No setor comercial e industrial, além do backup, o armazenamento viabiliza estratégias de redução de custos por meio de ferramentas como load shift e peak shaving. Como as tarifas do grupo A diferenciam períodos de ponta e fora de ponta, esse perfil de consumidor tem um incentivo econômico mais claro para os projetos.

Já no agronegócio, a dor principal é a disponibilidade de energia. Muitas regiões já não contam com infraestrutura suficiente de transmissão para atender à demanda, e nesse contexto os sistemas de armazenamento associados a geradores a diesel e usinas fotovoltaicas viabilizam microrredes híbridas, capazes de oferecer energia estável e previsibilidade para operações críticas.

Analista senior da Greener, Natanea Guimarães.

A expectativa é que com a redução esperada do Capex, caso seja mantida a curva observada nos últimos anos, essas aplicações se tornem ainda mais atrativas nos próximos anos, destacou a analista da Greener.

“Segundo nosso estudo, espera-se uma queda de cerca de 20% no custo de sistemas híbridos até 2030, especialmente pela redução dos preços das baterias. Esse movimento tem impacto direto no payback dos projetos. Em simulações de microrredes com menor uso de diesel, por exemplo, o tempo de retorno é de apenas 2,4 anos, considerado altamente competitivo. Já no segmento residencial, o prazo ainda é mais elevado, mas segue uma curva semelhante à da energia solar em seus estágios iniciais, quando o payback girava entre cinco e seis anos até se reduzir gradualmente conforme o mercado amadureceu”.

Ferramentas e softwares ainda em desenvolvimento

A Fonte Solar desenvolveu ao longo de 10 anos de experiência na área de armazenamento uma planilha de dimensionamento, criada a partir da teoria e validada na prática, que se tornou uma ferramenta confiável utilizada pela empresa, juntamente com softwares de geração, que continuam sendo indispensáveis. “Muitas vezes vemos sistemas de backup sem geração suficiente, sem inversor adequado ou com motores que provocam picos de corrente”, comenta Maestá.

Há poucas opções disponíveis no mercado de softwares para simulação energética com dados reais dos equipamentos de BESS, acrescenta Oliveira. “Por exemplo, em um dimensionamento de sistema para irrigação no agronegócio, é possível calcular o melhor ponto de LCOE comparando gerador a diesel, solar e BESS. No entanto, quando o BESS opera sozinho, sem o diesel, entra em modo VSG (Virtual Synchronous Generator). Nesse caso, a maioria dos equipamentos reduz a capacidade de 100% para cerca de 70%, funcionando como buffer para atender às cargas variáveis. Então quando falamos, novamente, de transitórios ou outras condições específicas, ainda falta um software que incorpore esses fatores no dimensionamento”, observou.
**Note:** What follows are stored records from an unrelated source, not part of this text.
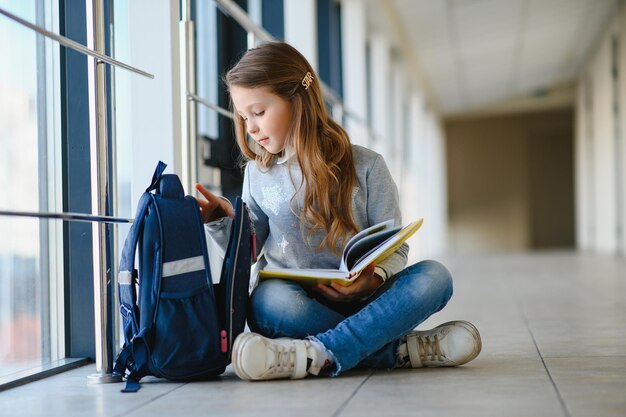 Girl smiling Beautiful schoolgirl smiling while sitting near window and reading book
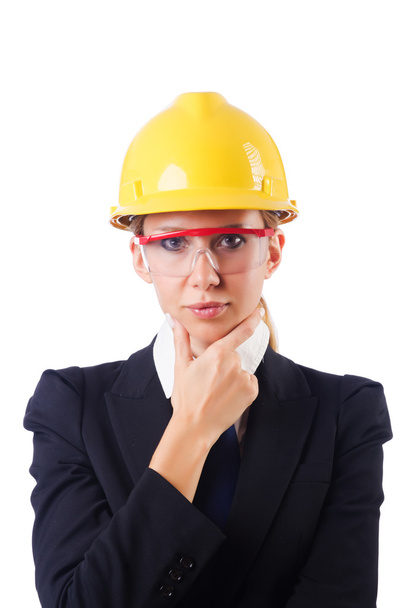 Young businesswoman with hard hat on white - Photo, Image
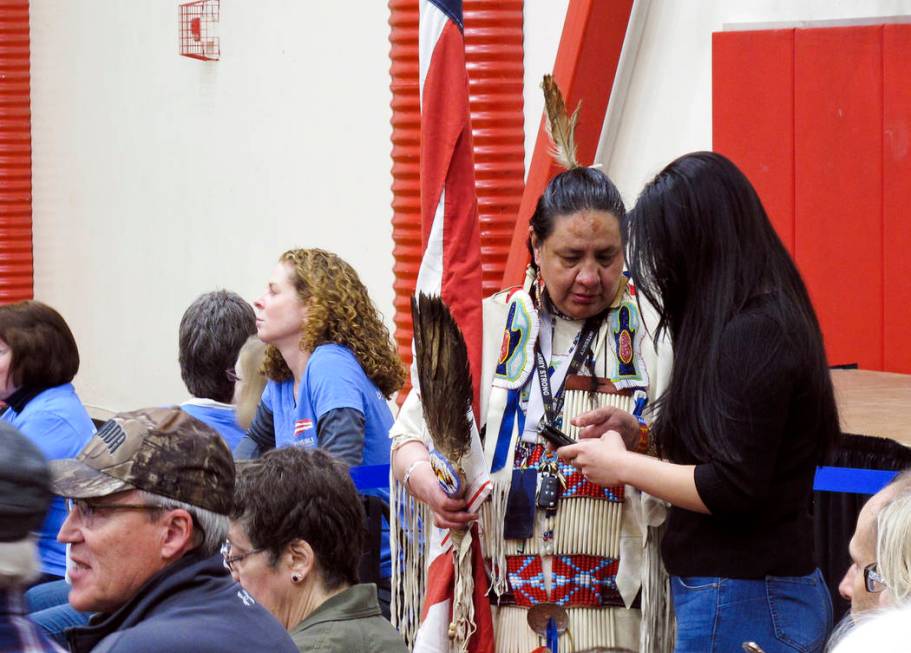 Joann Spotted Bear, a member of the Lakota Tribe, talks to a journalist before Sen. Elizabeth W ...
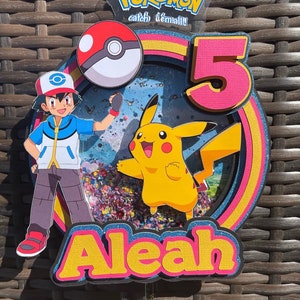 May include: A colorful Pokemon themed cake topper with a Pikachu, a Pokeball, and the number 5. The topper also includes the name Aleah in yellow letters with a pink outline.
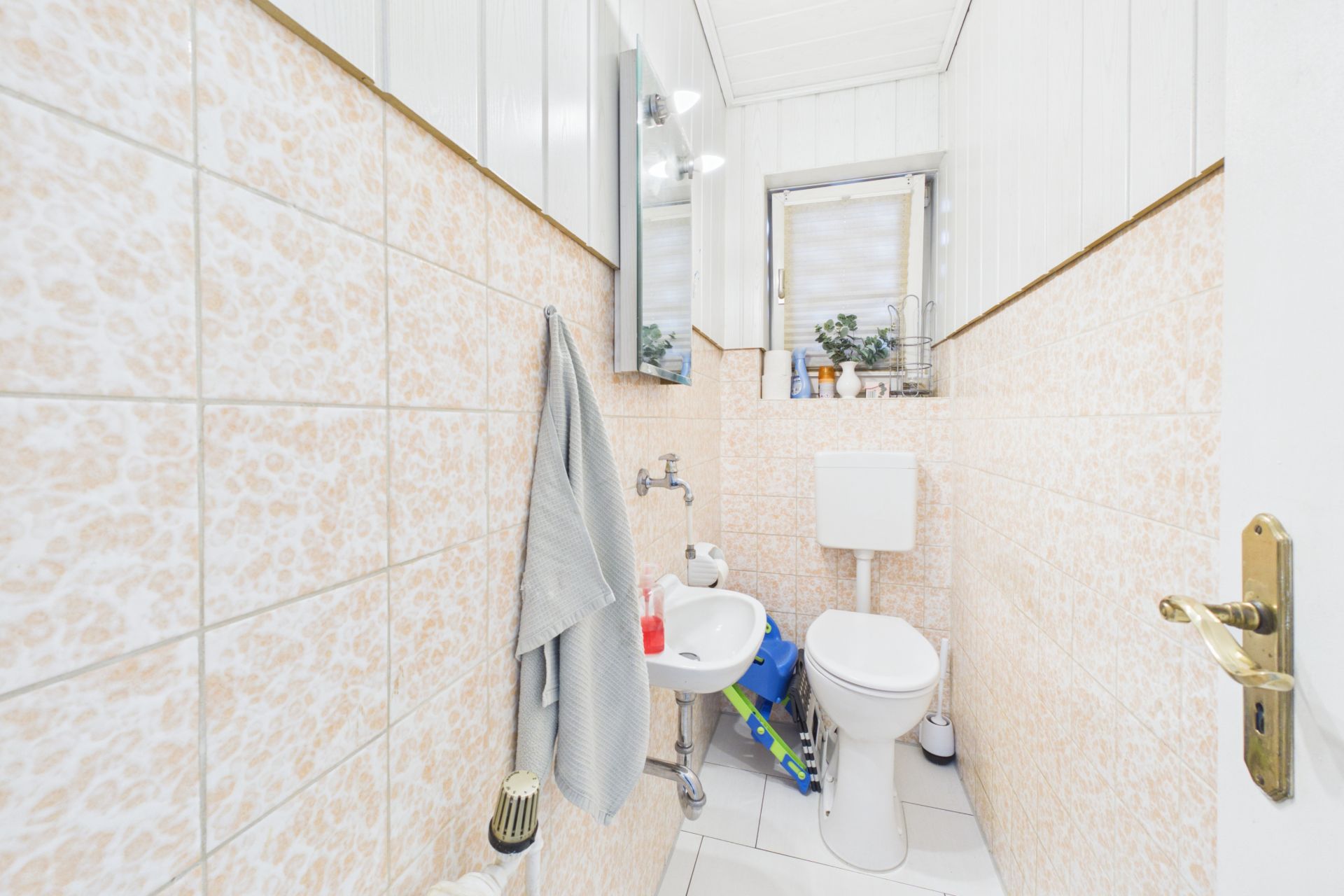 Kleines Bad mit Toilette, Waschbecken, Handtuch, Spiegel und Fenster mit Pflanzen.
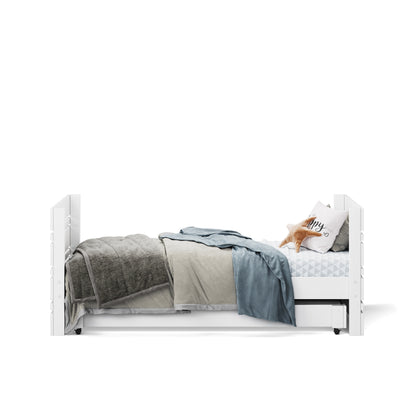 White single captains bed with under bed drawer, layered gray and blue blankets, and decorative pillow.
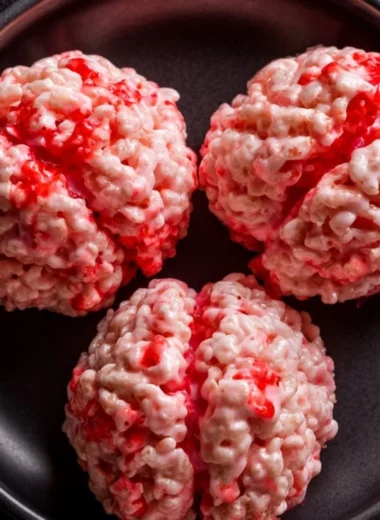 Colorful Halloween Rice Krispies Treats shaped like spooky characters.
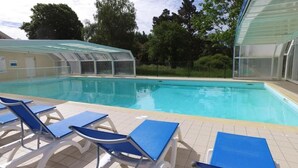 A swimming pool with clear blue water, surrounded by lounge chairs and a covered area. - Vvf Villages Piriac Sur Mer (Piriac-sur-Mer)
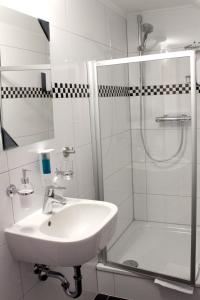 La salle de bains blanche est pourvue d'un lavabo et d'une douche. dans l'établissement Hotel Viktoria, à Meersburg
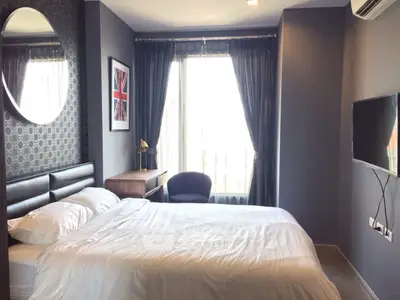 Stylish bedroom with modern decor, large window, and wall-mounted TV in a cozy apartment.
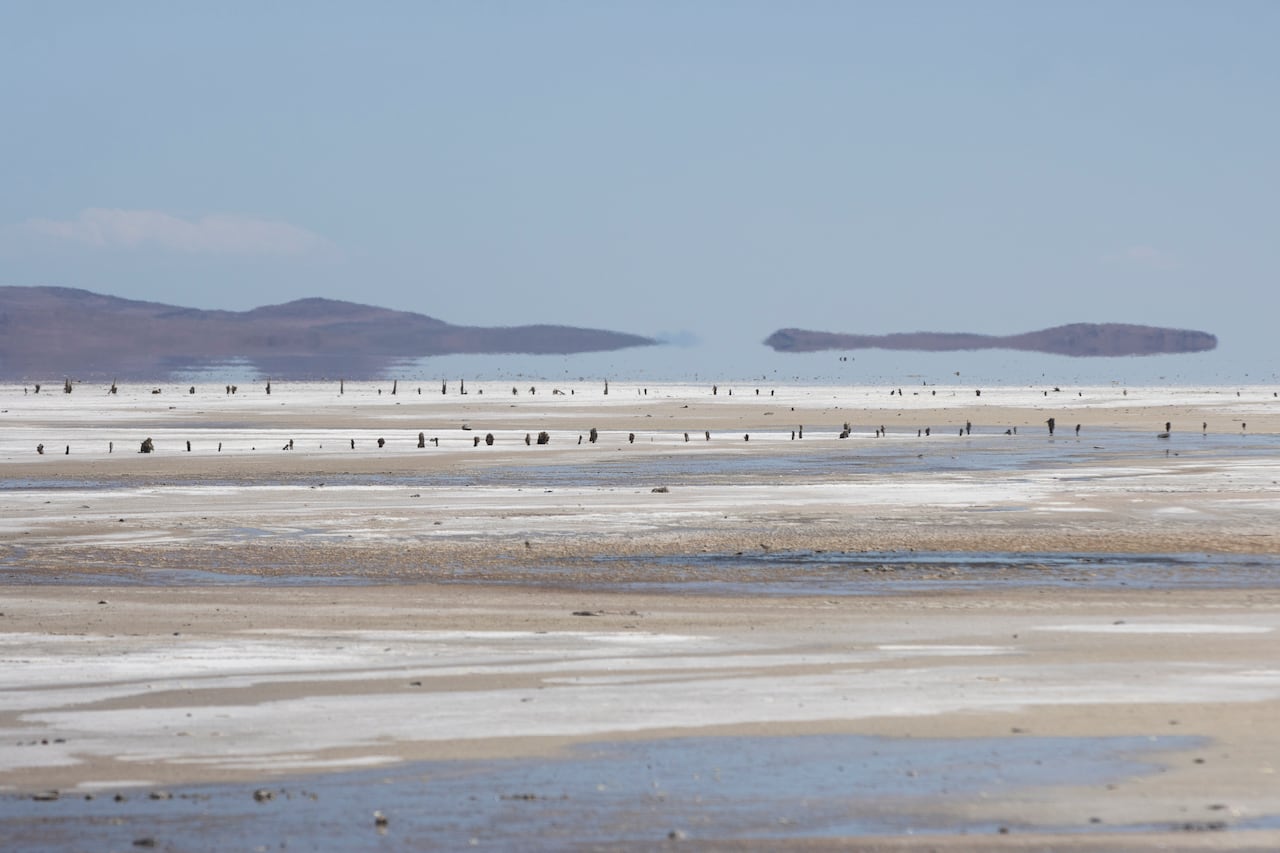 A view of the exposed lake bed of a large lake with low water levels.
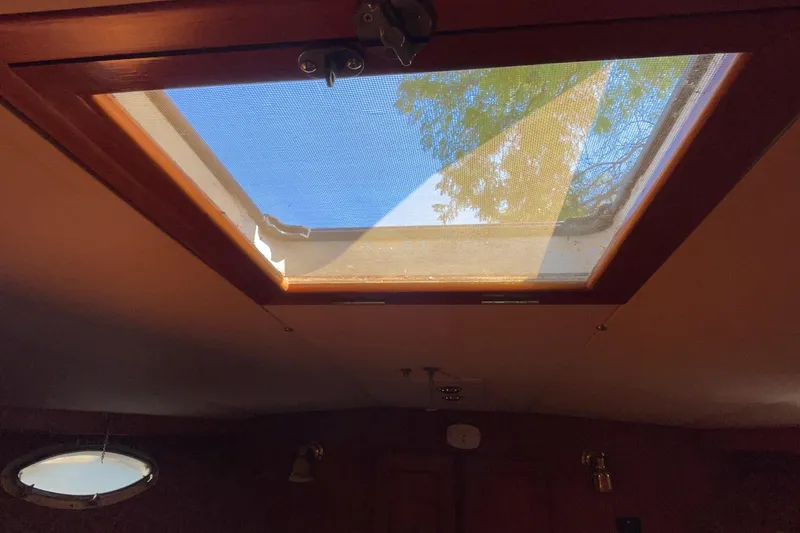 Slide: The Image of Cozy cabin interior of 1989 Jefferson 37 Sundeck with striped bedding and wooden cabinetry. - 42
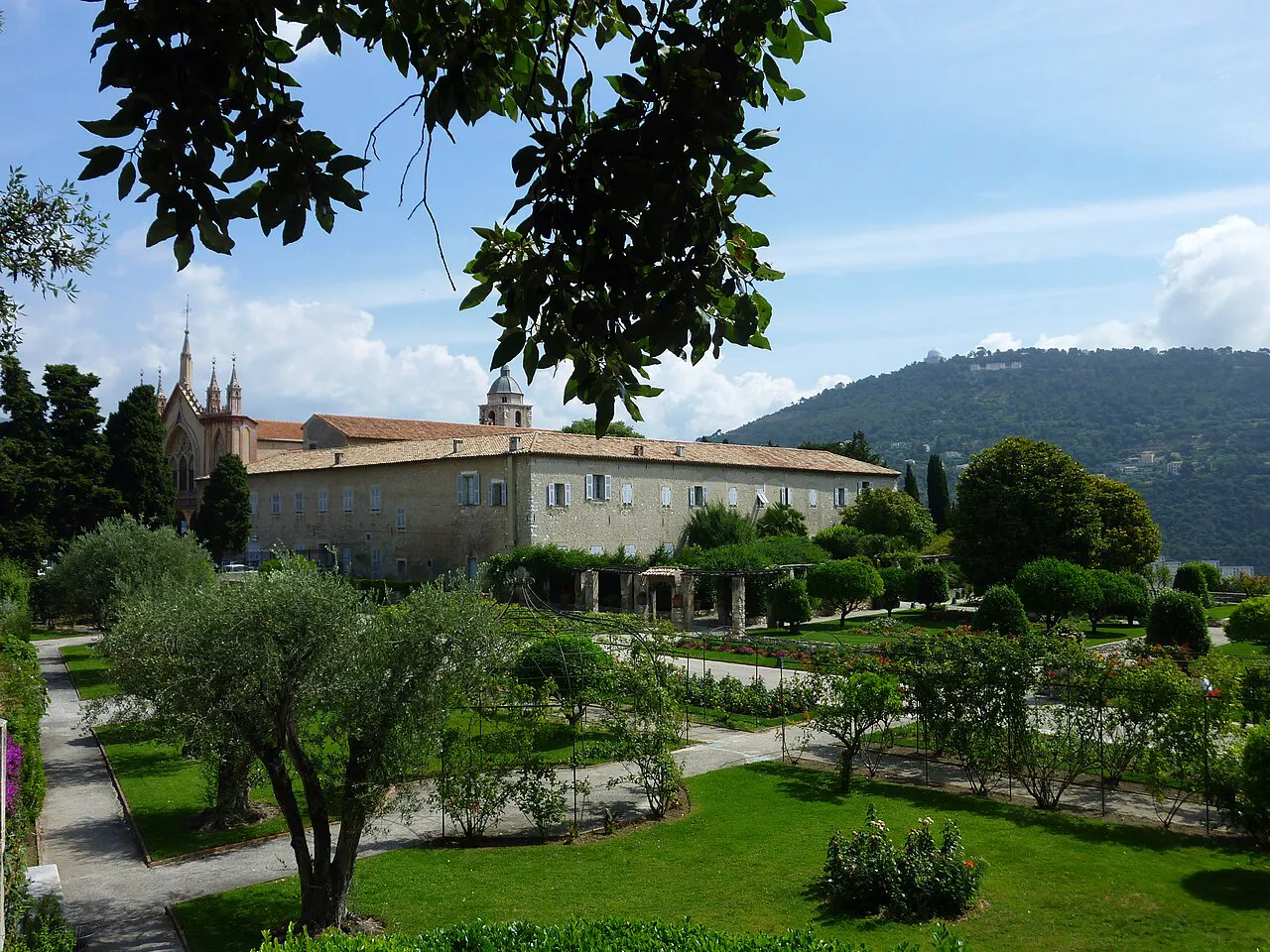 Cimiez Monastery and its olive-tree gardens below wooded hills in Nice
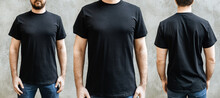 Young Man With A Beard In An Empty Black Casual T-shirt. Front, Close-up And Rear View On A Light Gray Concrete Wall. Design And Layout Of Men's T-shirt For Printing.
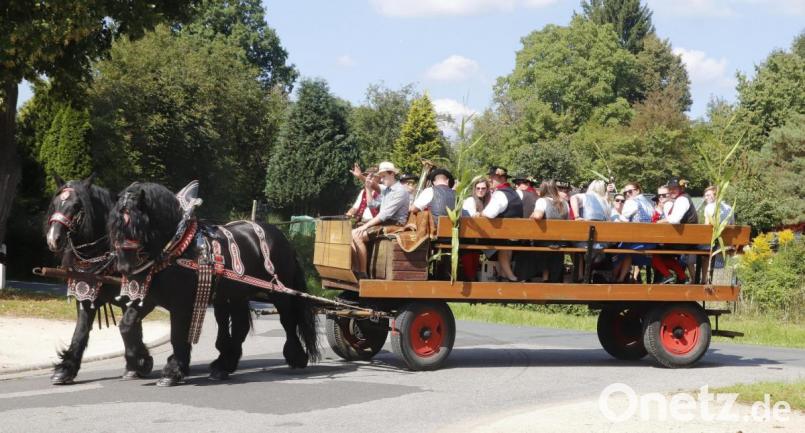Die Rosenberger Kirwaleit lieferten Holztische und -bänke stilecht in Montur und mit einem Pferdegespann aus. Bild: mfh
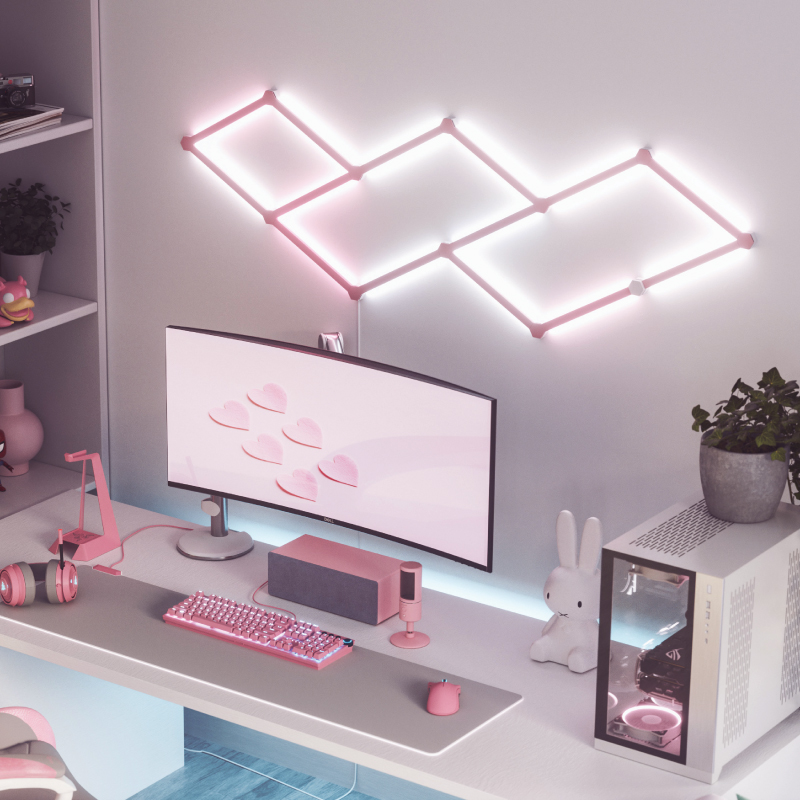 Nanoleaf Lines Thread-enabled color-changing smart modular backlit light lines skin mounted to a wall above a battlestation. Matte pink. HomeKit, Google Assistant, Amazon Alexa, IFTTT.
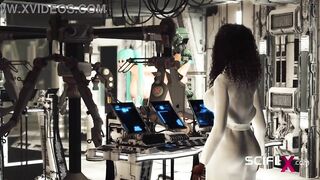 Sex android plays with a sexy busty hottie in restraints in a spacecraft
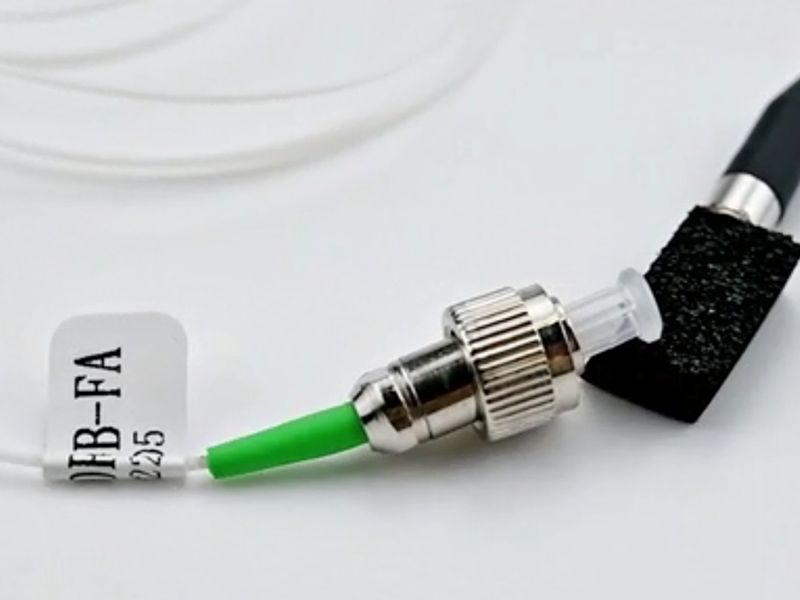 Détecteur de couplage de fibre optique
Dicas práticas para dimensionar sistemas com baterias

  • Faça um diagnóstico detalhado da carga: levante perfil horário, sazonalidade e transitórios (partida de motores, inversores de frequência etc.).

  • Defina a prioridade do cliente: economia, segurança energética ou ambos.

  • Simule cenários: apresente alternativas de autonomia e estratégias tarifárias (peak shaving, time shift).

  • Use ferramentas de apoio: planilhas próprias ou softwares de simulação — mas valide com dados reais dos equipamentos.

  • Considere a infraestrutura elétrica: retrofits têm limitações; sistemas novos podem ser planejados para expansão.

  • Inclua todos os custos no orçamento: integração, proteções, UPS, adequações da rede e manutenção.

  • Planeje expansão futura: preveja espaço físico, conexões e compatibilidade de inversores.

  • Alinhe expectativas: muitas vezes, o cliente não precisa de independência total, mas de autonomia para períodos críticos.